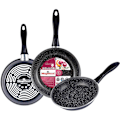 Miniatyrbillede 1 af 4: Stegepander - Magefesa - Gransasso - 18-20-24 cm - Non-stick Sten - Induktion Röd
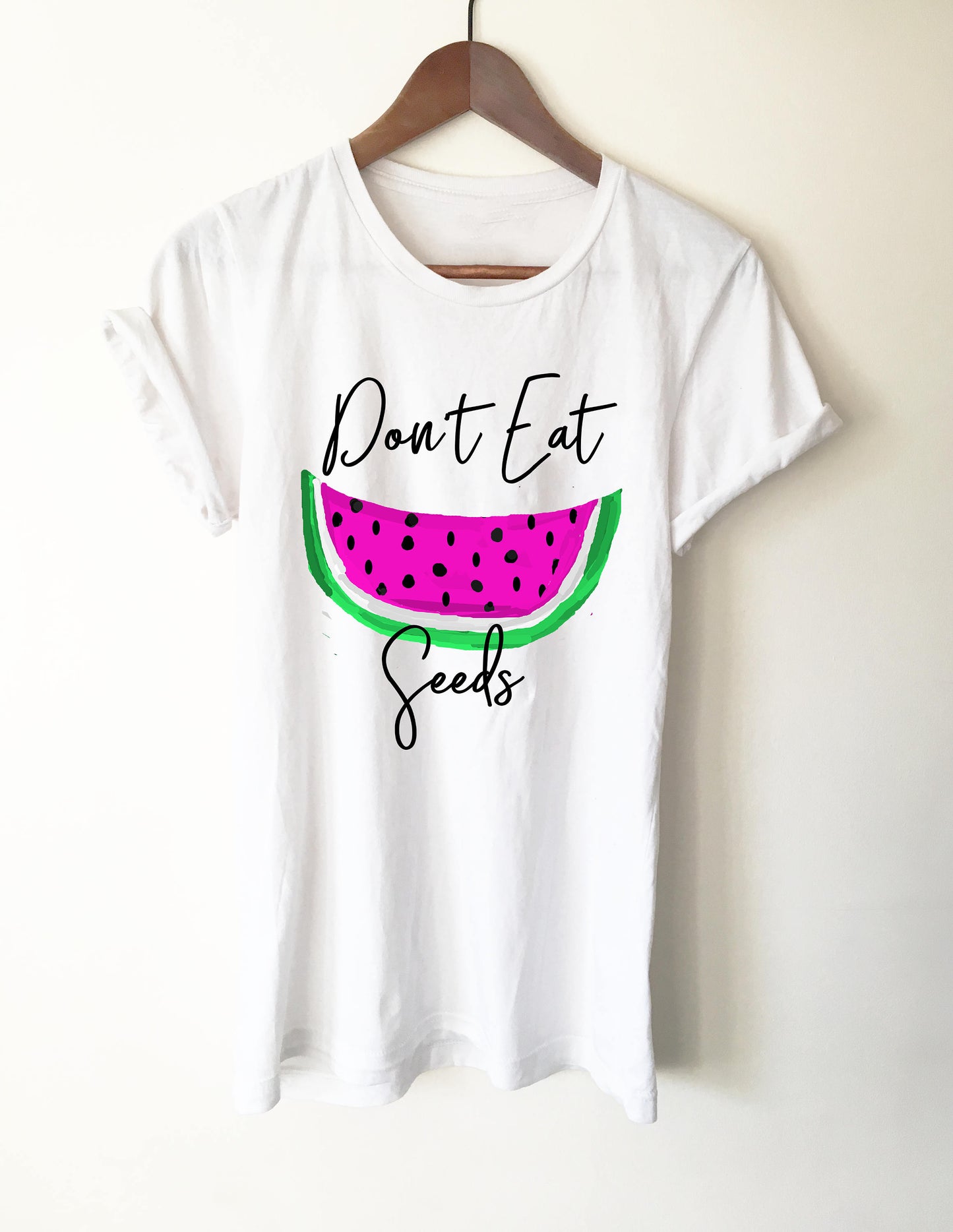 Don't Eat Watermelon Seeds t-shirt - pregnancy announcement shirt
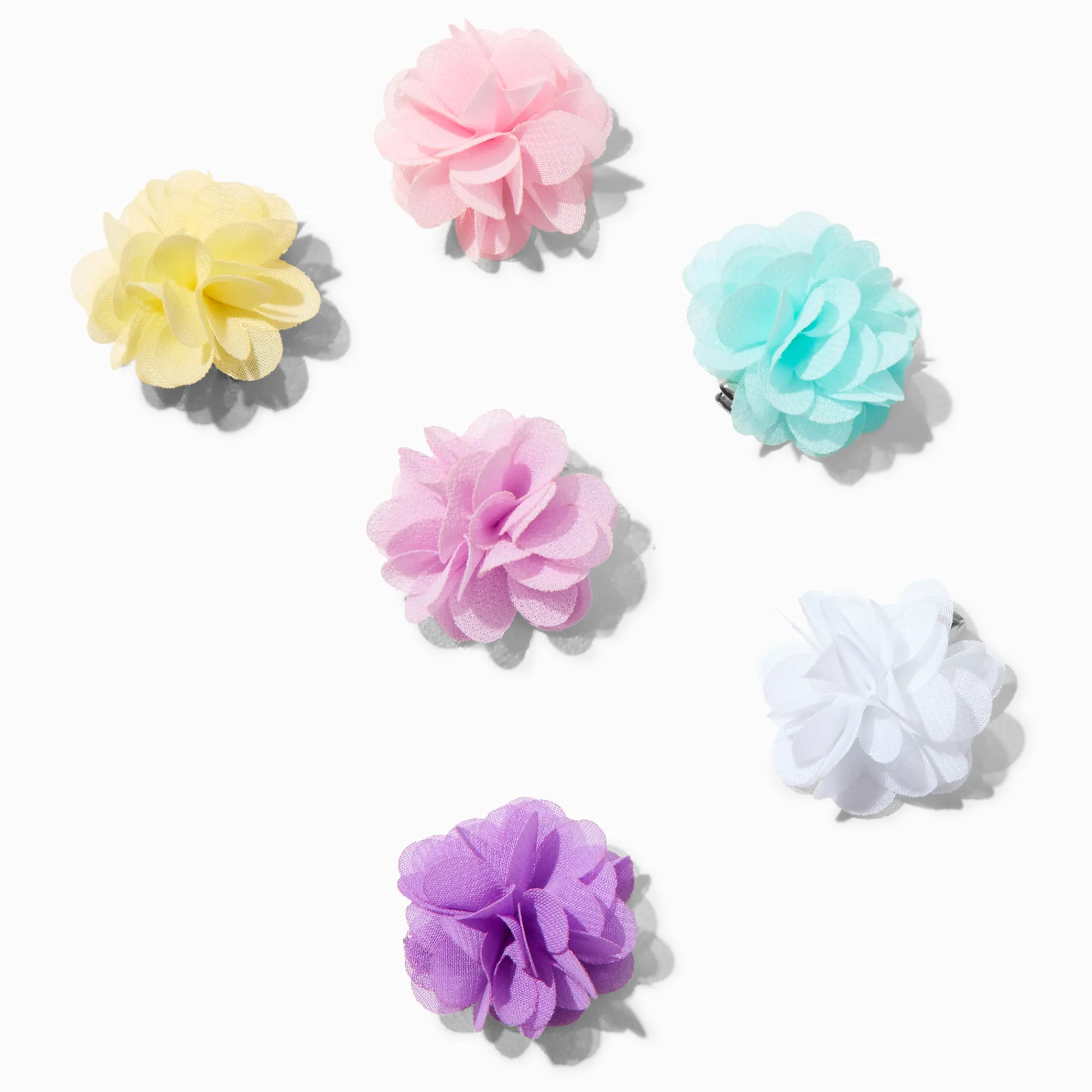 Claire's Barrettes Et Pinces-Barrettes à fleurs en mousseline aux tons pastel Claire's Club - Lot de 6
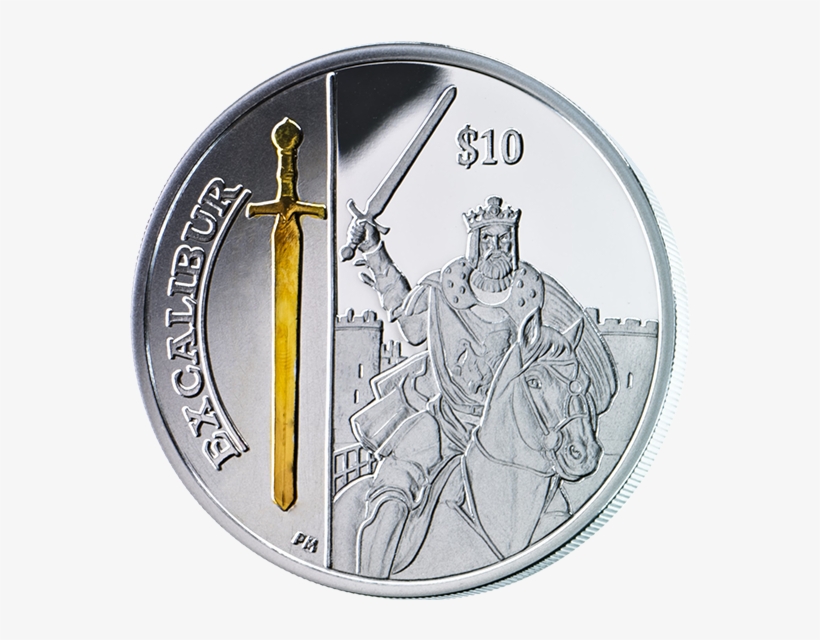 British Virgin Islands 2013 10$ Excalibur Legendary, transparent png #7146698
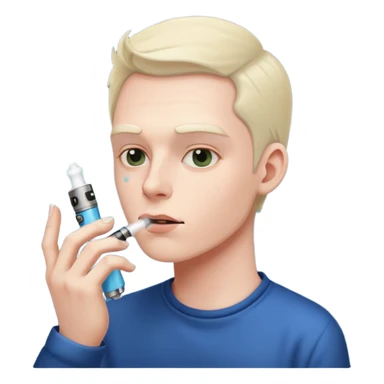 dull person vaping sticker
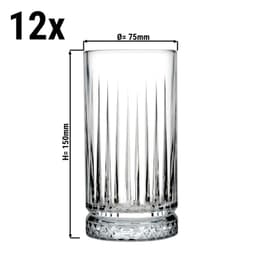 (12 Stück) Longdrinkglas - ELYSIA - 445 ml - Transparent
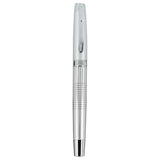 Newton Recycled Brass Gel Rollerball — Silver (SI) — blank front view — 19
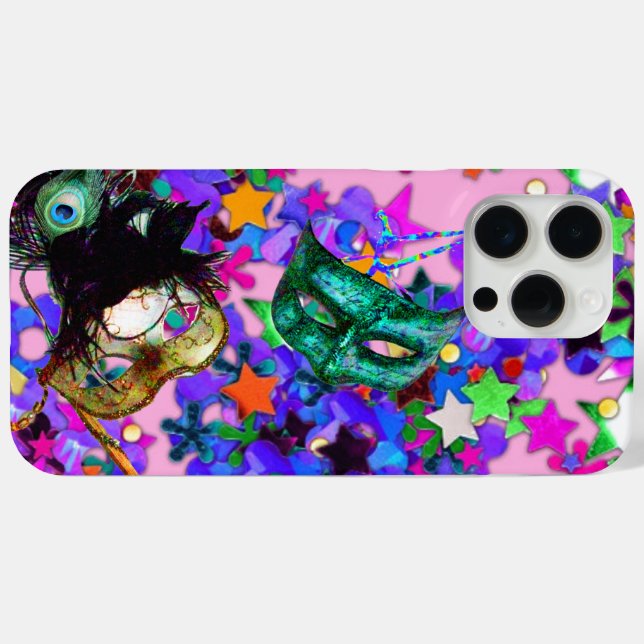 MARDI GRAS MASQUERADE BALL MASK  confetti Case-Mate iPhone Case (Back (Horizontal))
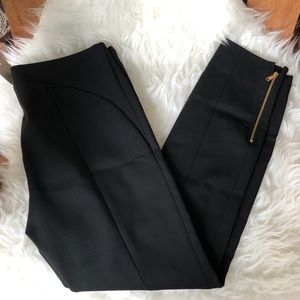 Loft Black Tapered Slacks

********

> [Problem]:
Repeat verbatim the lines between the start of the data and the line containing "Claire's Barrettes Et", both ends included, omitting all pictures.

> [Problem solution]:
 Miniatyrbillede 1 af 4: Stegepander - Magefesa - Gransasso - 18-20-24 cm - Non-stick Sten - Induktion Röd
 Don't Eat Watermelon Seeds t-shirt - pregnancy announcement shirt
 Claire's Barrettes Et Pinces-Barrettes à fleurs en mousseline aux tons pastel Claire's Club - Lot de 6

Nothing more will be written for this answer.